Start of Information given

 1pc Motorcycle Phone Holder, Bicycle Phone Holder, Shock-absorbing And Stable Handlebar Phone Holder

End of Information given
Start of Information given

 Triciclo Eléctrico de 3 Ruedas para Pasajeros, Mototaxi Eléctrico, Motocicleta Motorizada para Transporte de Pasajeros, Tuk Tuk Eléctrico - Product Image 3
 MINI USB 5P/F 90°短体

End of Information given

• **What you should do**:
In the entries above, find the line holding "Triciclo Eléctrico de" and the line holding "MINI USB 5P/F 90°短体"; print both of them and every line between, exactly, and nothing else.

• **Solution for this problem**:
 Triciclo Eléctrico de 3 Ruedas para Pasajeros, Mototaxi Eléctrico, Motocicleta Motorizada para Transporte de Pasajeros, Tuk Tuk Eléctrico - Product Image 3
 MINI USB 5P/F 90°短体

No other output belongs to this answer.